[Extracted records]
◇ ◇ ◇

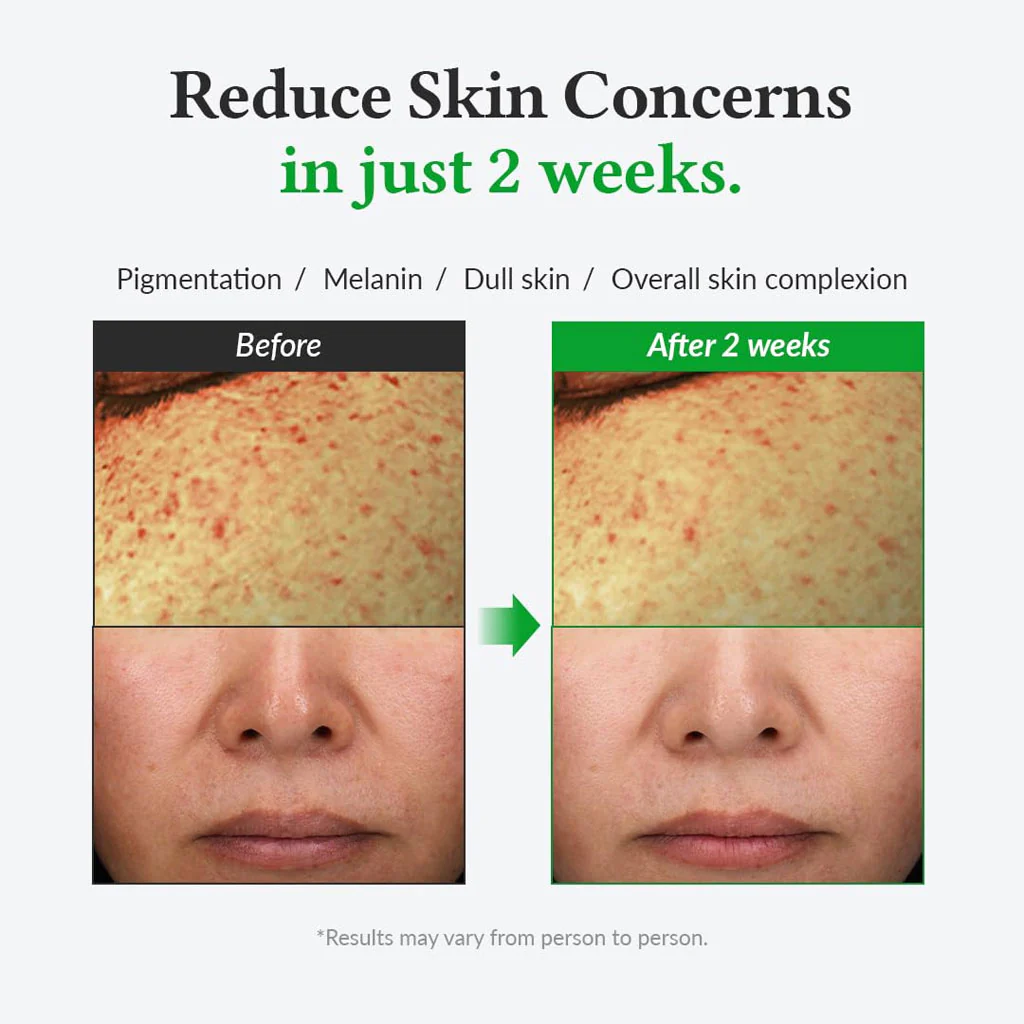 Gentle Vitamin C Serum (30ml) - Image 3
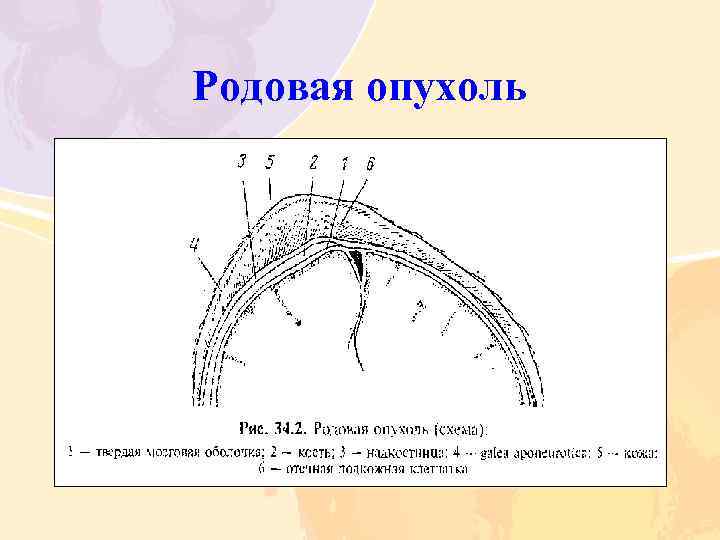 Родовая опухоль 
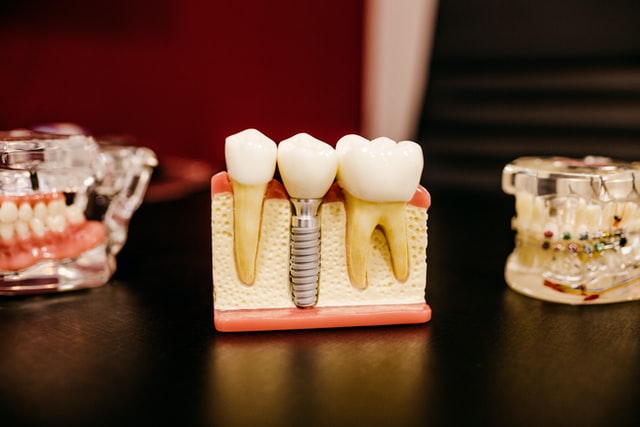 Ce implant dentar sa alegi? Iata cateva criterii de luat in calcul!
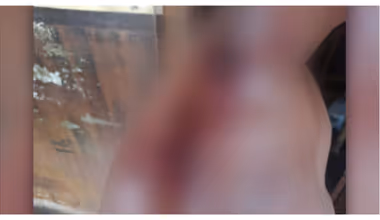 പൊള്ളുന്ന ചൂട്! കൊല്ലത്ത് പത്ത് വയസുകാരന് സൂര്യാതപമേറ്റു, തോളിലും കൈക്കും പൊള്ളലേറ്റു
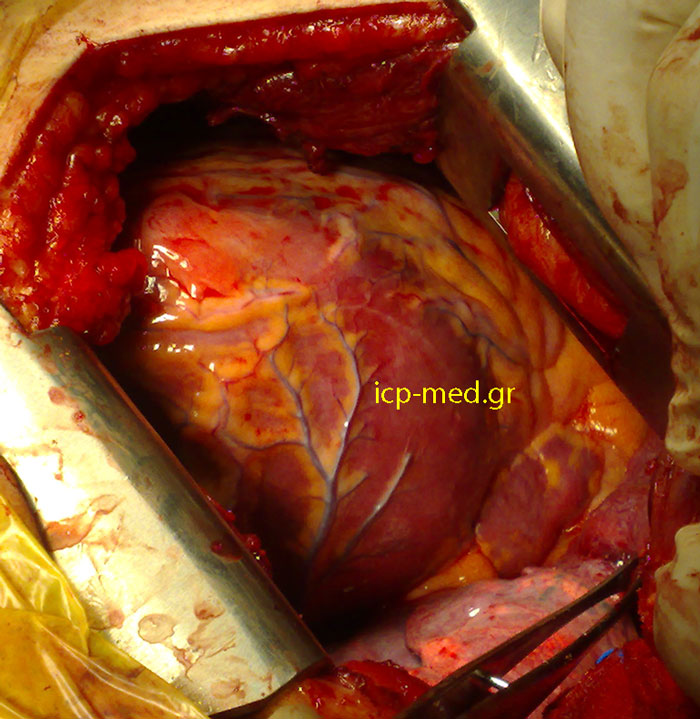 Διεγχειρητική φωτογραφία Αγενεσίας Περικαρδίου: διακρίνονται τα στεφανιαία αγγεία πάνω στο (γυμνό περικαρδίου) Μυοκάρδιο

◇ ◇ ◇

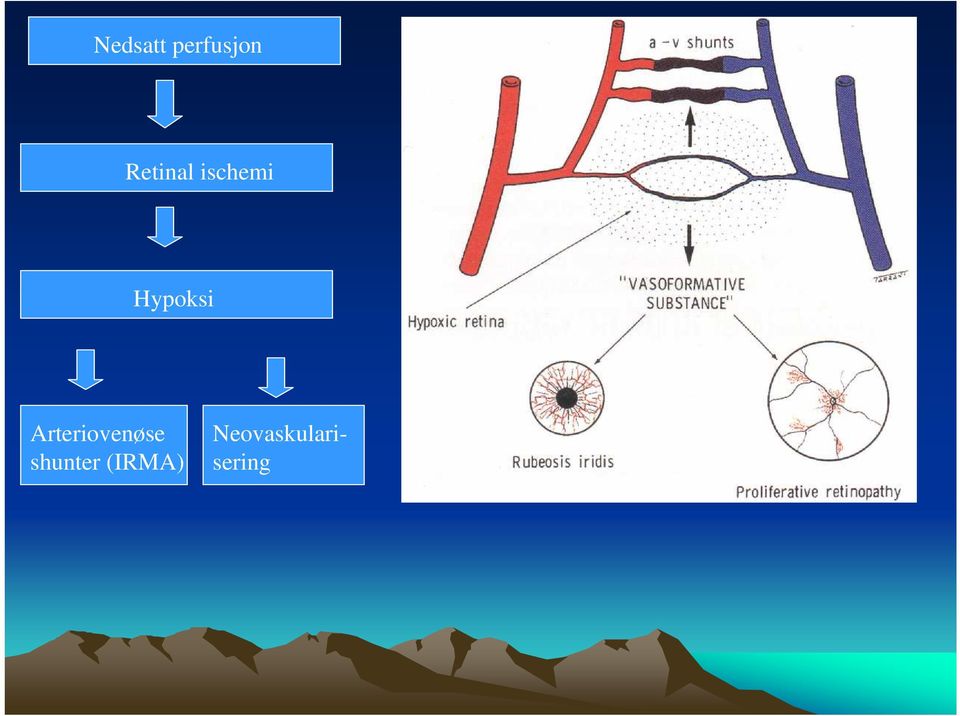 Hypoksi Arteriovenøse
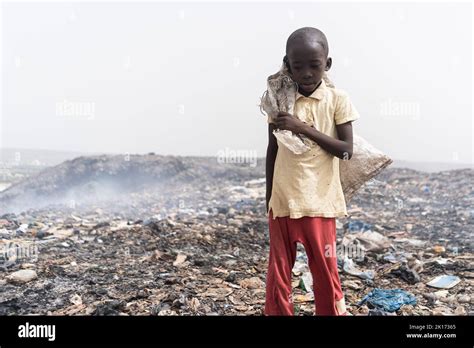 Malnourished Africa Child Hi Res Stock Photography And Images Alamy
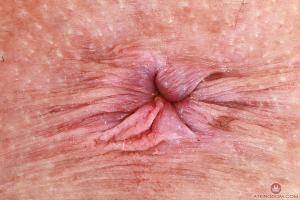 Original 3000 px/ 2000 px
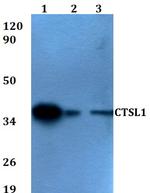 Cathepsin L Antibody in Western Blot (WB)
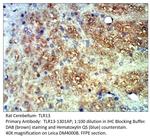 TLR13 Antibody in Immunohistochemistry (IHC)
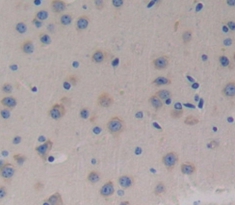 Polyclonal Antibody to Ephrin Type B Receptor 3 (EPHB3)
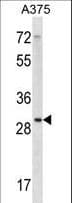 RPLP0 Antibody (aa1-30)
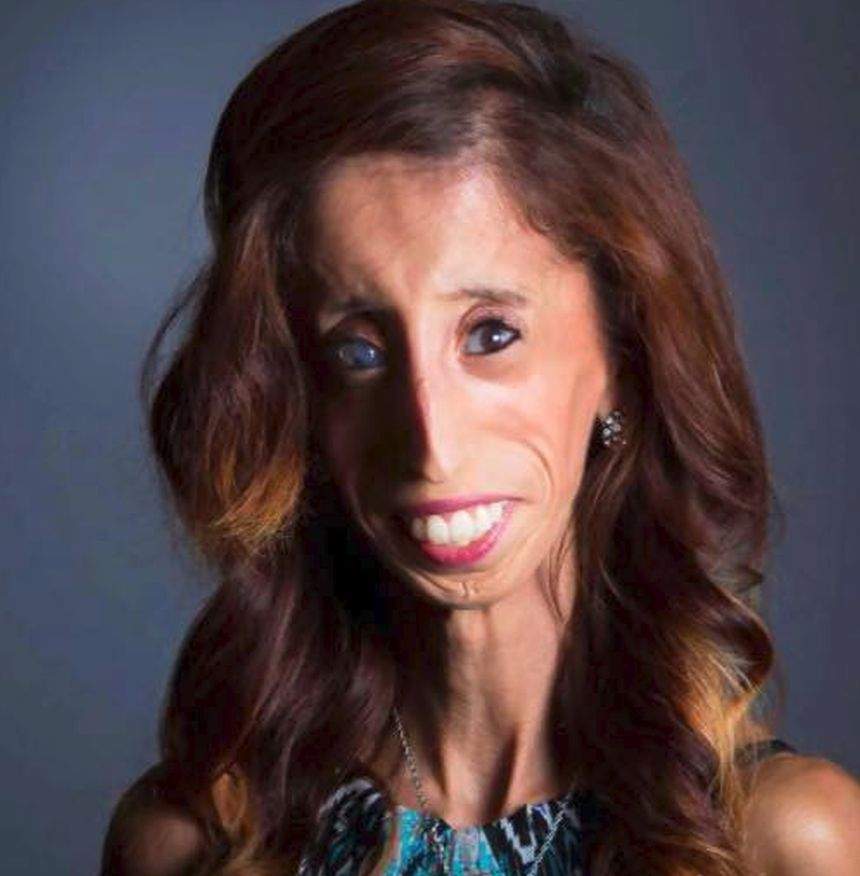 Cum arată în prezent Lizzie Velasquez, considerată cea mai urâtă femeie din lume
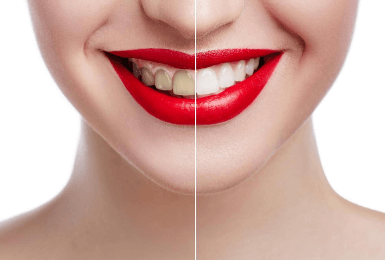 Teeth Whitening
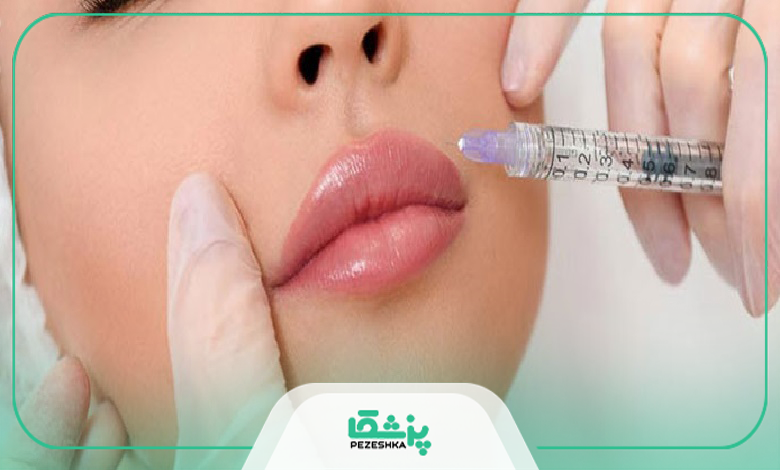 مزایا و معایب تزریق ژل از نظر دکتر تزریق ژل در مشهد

◇ ◇ ◇

§ TO DO: From the records above, transcribe exactly the lines starting at the one containing "പൊള്ളുന്ന ചൂട്! കൊല്ലത്ത്" and ending at the one containing "Διεγχειρητική φωτογραφία Αγενεσίας". Skip the pictures.

§ TASK SOLUTION:
 പൊള്ളുന്ന ചൂട്! കൊല്ലത്ത് പത്ത് വയസുകാരന് സൂര്യാതപമേറ്റു, തോളിലും കൈക്കും പൊള്ളലേറ്റു
 Διεγχειρητική φωτογραφία Αγενεσίας Περικαρδίου: διακρίνονται τα στεφανιαία αγγεία πάνω στο (γυμνό περικαρδίου) Μυοκάρδιο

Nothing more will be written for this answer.